When Steven and Paula Bonney took out $115,000 in loans a decade ago to put their two daughters through school, it was more than they ever thought they’d have to borrow. But they expected to be debt-free at this point in their lives.
Now, in their early 60s, any dreams they had of retirement are buried deep under a mound of debt.
Like the Bonneys, 21% of parents took out college loans for their kids in 2011, a sharp increase from 13% in 1999, according to the National Center for Education Statistics. With middle-income families shouldering more student debt than low and high-income households, parents all over the country are making plans to work longer than ever before.
The Bonneys, who live in Mattapoisset, Ma, worked long hours at their own small businesses to stay ahead of their debt obligations. Steven had a general contracting company while Paula was building a growing bookkeeping business. But all the work came to an abrupt halt six years ago when Steven fell from a 25-foot scaffold and broke his neck, leaving him paralyzed from the waist down.
Even before the accident, the Bonneys were struggling to pay off the six-figure debt from the Parent Loans for Undergraduate Students (PLUS) loans they borrowed for their daughters, Jaime and Skye. Combined with the flood of medical bills, their bleak financial future has pushed them to the brink.
When Paula is not taking care of her husband’s physical health, she works full-time as a bookkeeper and payroll specialist. But they’ve still fallen behind on their taxes and have had to tap into their retirement accounts.
"The interest that we owe on the loan is going to be more than the total cost of tuition, for both girls," said Steven. After nine years of monthly payments, their debt hasn't budged much and remains at $109,000.
While most families are able to avoid catastrophic accidents, it’s not uncommon to encounter serious illnesses and job losses. Even a small crisis can pull families already struggling with college loans into a downward financial spiral.

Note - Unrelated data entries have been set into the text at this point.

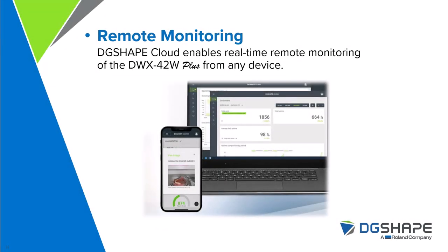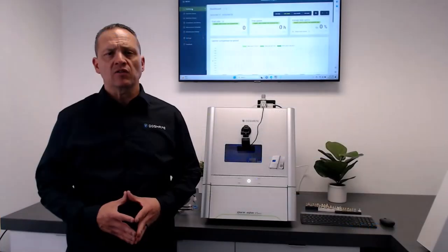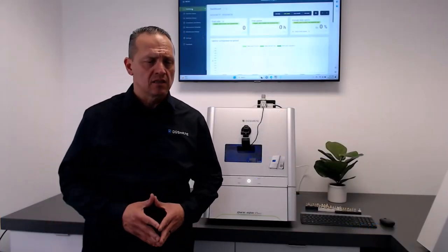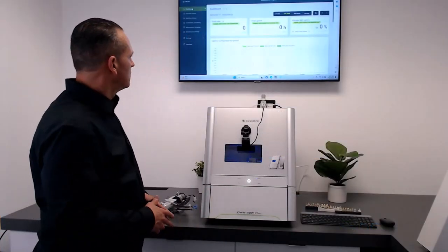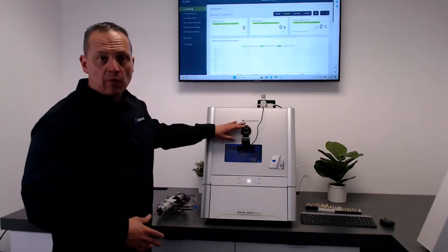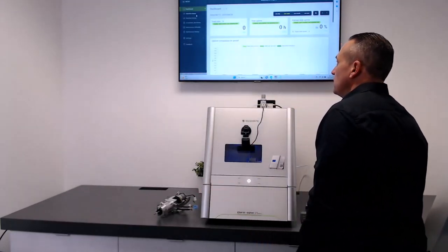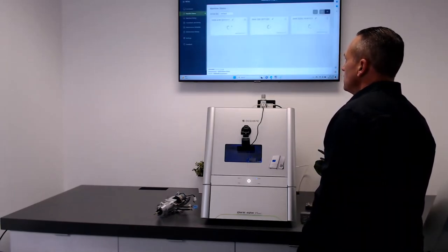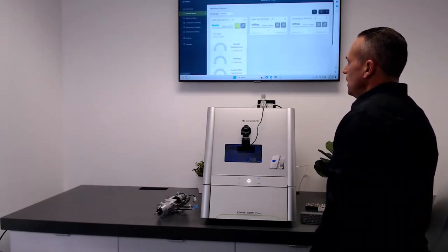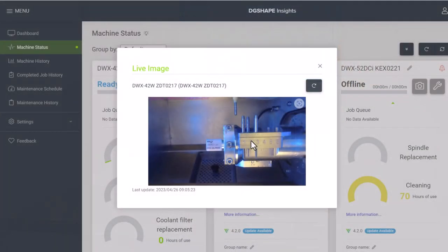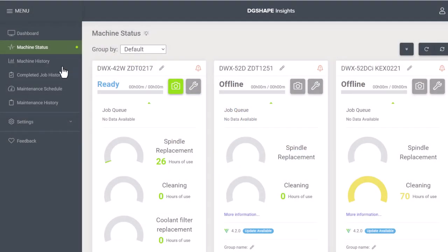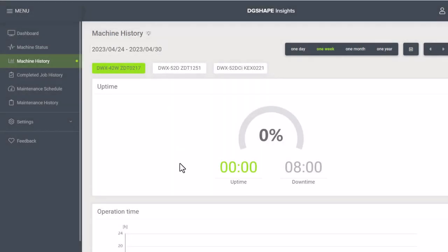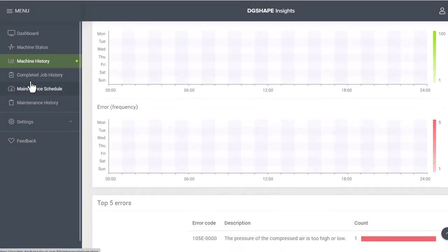DG Shape Cloud enables real-time monitoring of the DWX42W Plus from any device. Also you can add a camera so you can look at the device as it's running, from machine status, locate the device, and you can locate the camera.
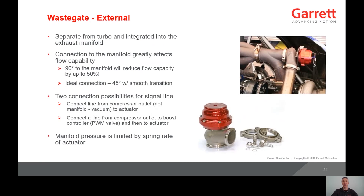The external wastegate is separate from the turbo and integrated into the exhaust. How the wastegate is integrated into the manifold greatly affects the flow capacity. While 90 degrees to the manifold is usually the easiest way to install the wastegate, this method can reduce the flow by up to 50%. The ideal connection is 45 degrees with a smooth transition, which is illustrated in the photo to the right. Just like the actuator for an internal wastegate, the signal line should be connected to positive pressure the same way — to the compressor outlet with or without a boost controller. The advantage of an external wastegate compared to an internal is higher flow capacity and the ability to easily change the spring rates. There are a large variety of spring rates available for external wastegates, making them very versatile to meet your application needs.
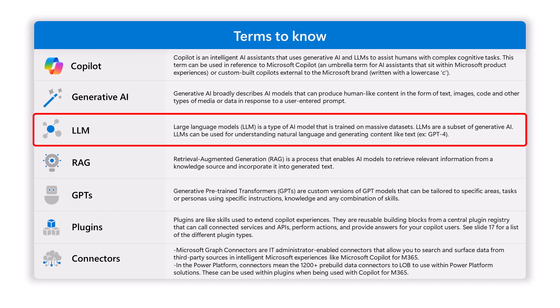These are pre-trained language models that you can use, trained over tons of information on the internet.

Help with tackling student debt
“People look for an academic fit when choosing a college, but it’s just as important to look for a financial fit as well - particularly if you plan on supporting more than one child through college,” says Fudge.

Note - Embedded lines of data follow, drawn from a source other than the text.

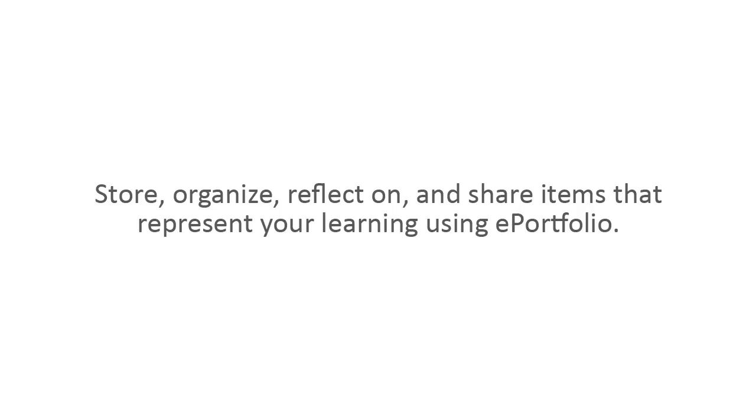Store, organize, reflect on, and share items that represent your learning using ePortfolio.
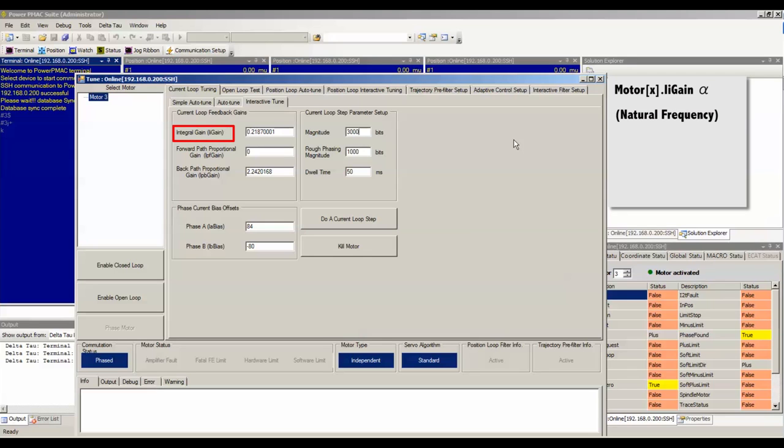The integral gain is directly proportional to the natural frequency of the closed loop system. By increasing the integral gain, you can increase the natural frequency up to the system's limitation.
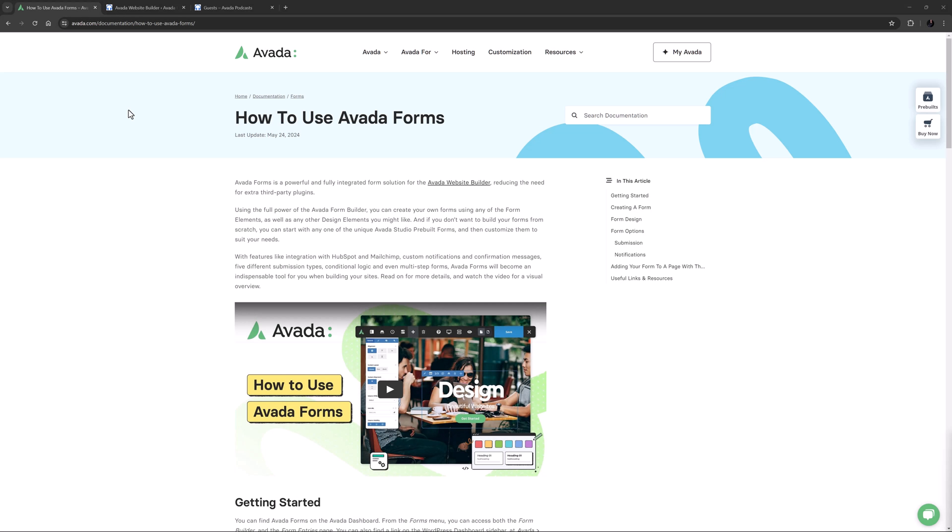Hi everyone, it's Geoff here from Avada. In this video, I will show you how to use Avada Forms, our very own Form Builder.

In addition to choosing schools along a selectivity spectrum, Fudge strongly recommends picking schools along a cost spectrum, making sure to include a financial aid safety school. This option would allow a family to afford the education with limited or no financial assistance. In many instances, that would be a two-year or four-year public college or university.
For families already knee-deep in debt, Fudge breaks down some repayment options that can reduce the minimum monthly payments to less than the payments required under a 10-year standard repayment plan.
These options include extended repayment or graduated repayment, which can be a term of 12 to 30 years, depending on the cumulative student loan debt. Having a longer repayment period reduces the monthly amount, but increases the overall amount paid over the life of the loan.
Another option is income-contingent repayment, which allows borrowers to extend payment to 25 years and ties their monthly payment to their income and cumulative debt. After 25 years, any remaining balance is discharged. Parent Loans for Undergraduate Students (PLUS loans) can only be eligible for Income Contingent Repayment if they are consolidated into a federal Direct Consolidation Loan.
Having counseled countless students and their families through debt management, Fudge says, “the more people understand their student loan repayment options and become financially literate consumers, the better they will be equipped to take advantage of their investment in college.”